National Water Model
The National Water Model (NWM) is a new tool that simulates and forecasts how water moves throughout the nation’s rivers and streams. Running on NOAA’s powerful Cray XC40 supercomputer, the NWM uses data from more than 8,000 U.S. Geological Survey gauges to simulate conditions for 2.7 million locations in the contiguous United States. The model generates hourly forecasts for the entire river network including high-resolution forecasts of soil moisture, surface runoff, snow water equivalent, and other parameters.
The NWM runs in four configurations:
- Analysis and assimilation provides a snapshot of current hydrologic conditions
- Short-Range produces hourly forecasts of streamflow and hydrologic states out to 15 hours
- Medium-Range produces 3-hourly forecasts out to 10 days
- Long-Range generates 30-day ensemble forecasts.
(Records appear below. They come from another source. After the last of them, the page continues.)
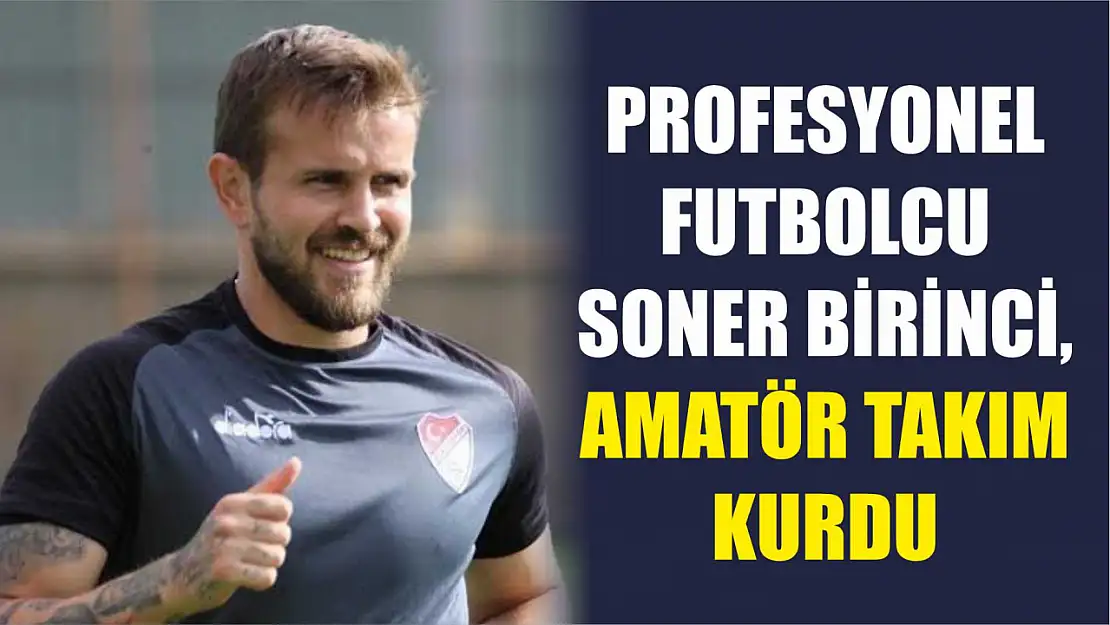 Profesyonel Futbolcu Soner Birinci, Amatör Takım Kurdu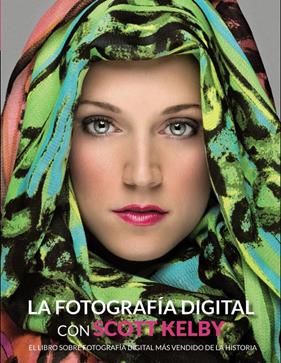 FOTOGRAFIA DIGITAL CON SCOTT KELBY, LA | 9788441534438 | KELBY, SCOTT
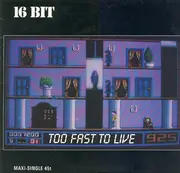 12'' - 16 Bit - Too Fast To Live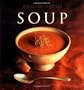 The Williams-Sonoma Collection: Soup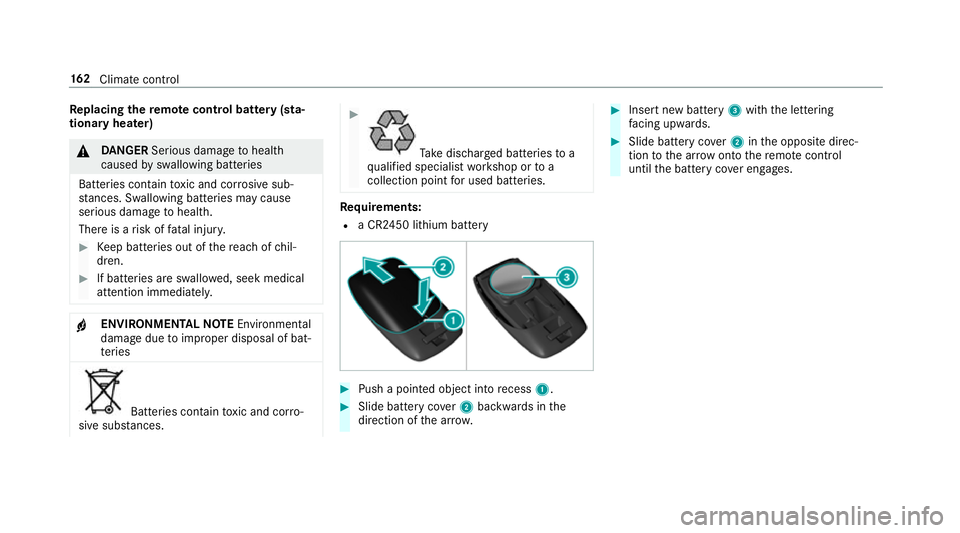 MERCEDES-BENZ GLC COUPE 2019 Owners Manual Re
placing the remo tecont rol bat tery (sta‐
tiona ryheater) &
DANG ER Serious damage tohealth
caused byswallowing batteries
Batteries contain toxic and cor rosive sub‐
st ances. Swallowing bat t MERCEDES-BENZ GLC COUPE 2019 Owners Manual Re
placing the remo tecont rol bat tery (sta‐
tiona ryheater) &
DANG ER Serious damage tohealth
caused byswallowing batteries
Batteries contain toxic and cor rosive sub‐
st ances. Swallowing bat t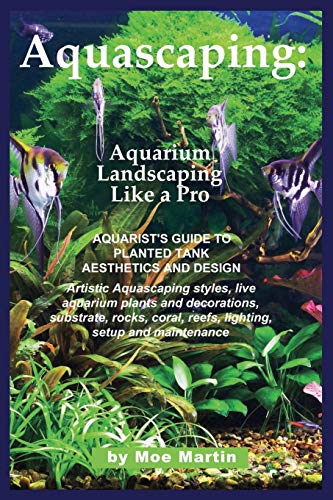 Imagen de archivo de Aquascaping: Aquarium Landscaping Like a Pro a la venta por AwesomeBooks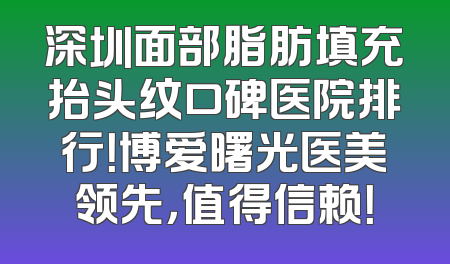 深圳面部脂肪填充抬头纹口碑医院排行！博爱曙光医美领先，值得信赖！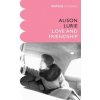 Love and Friendship - Alison Lurie, Vintage Classics Love and Friendship - Alison Lurie, Vintage Classics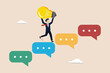 © Yunus - Success motivation, comment, communication to support employee concept, businessman jumping on suggestion speech bubble bringing idea light bulb.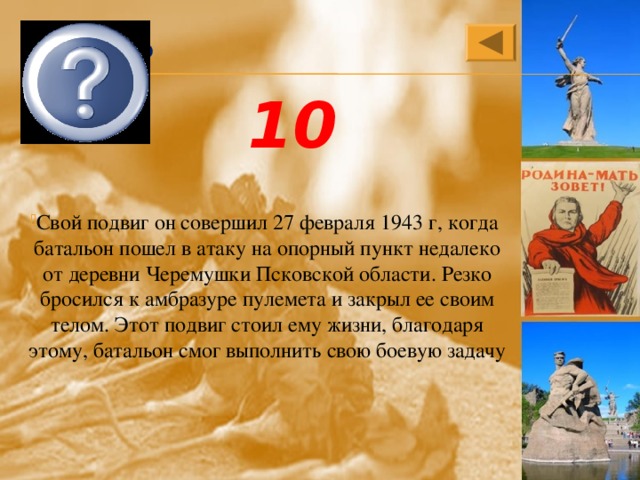 Александр Матросов 10 Свой подвиг он совершил 27 февраля 1943 г, когда  батальон пошел в атаку на опорный пункт недалеко от деревни Черемушки Псковской области. Резко бросился к амбразуре пулемета и закрыл ее своим телом. Этот подвиг стоил ему жизни, благодаря этому, батальон смог выполнить свою боевую задачу 
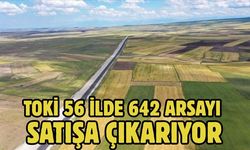 TOKİ 56 ilde 642 arsayı satışa çıkarıyor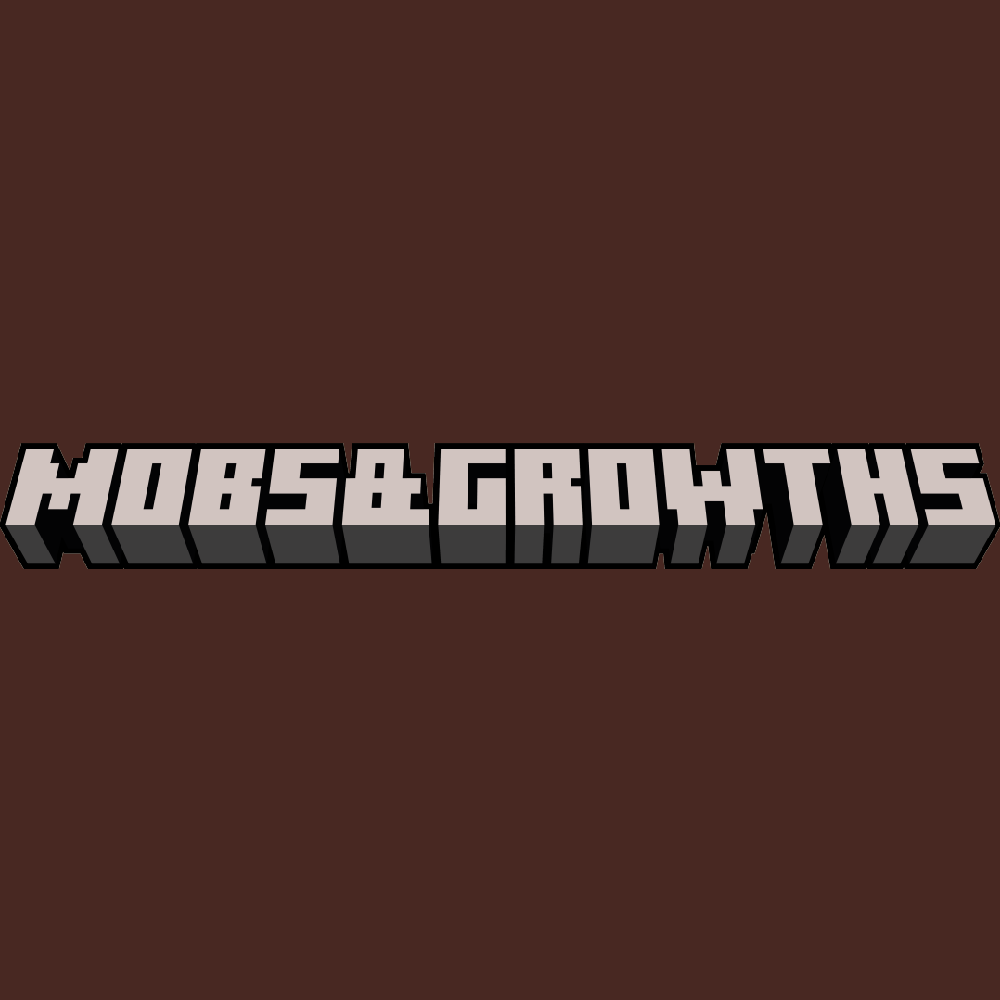 Mobs & Growths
The NWM improves the National Weather Service’s ability to deliver impact-based decision support services nationwide by providing “street level” water information and guidance (e.g., flood maps), as well as serve as the foundation for additional private sector water services. Initially, the model will benefit flash flood forecasts in headwater areas and provide water forecast information for many areas that have not been covered. As the model evolves, it will expand to include water quality forecasts. The NWM also improves NOAA’s ability to meet the needs of its stakeholders (e.g., emergency managers, reservoir operators, floodplain managers, farmers, etc.) with more accurate, detailed, frequent and expanded water information.
The NWM is a cornerstone of the new NOAA Water Initiative, designed to provide more closely integrated water predictive capabilities to promote resilience to water risks. NOAA is seeking to establish an Integrated Water Prediction effort to deliver a suite of more holistic water intelligence products to help communities and industries make better-informed decisions about water management and how to prepare for and respond to extreme water events.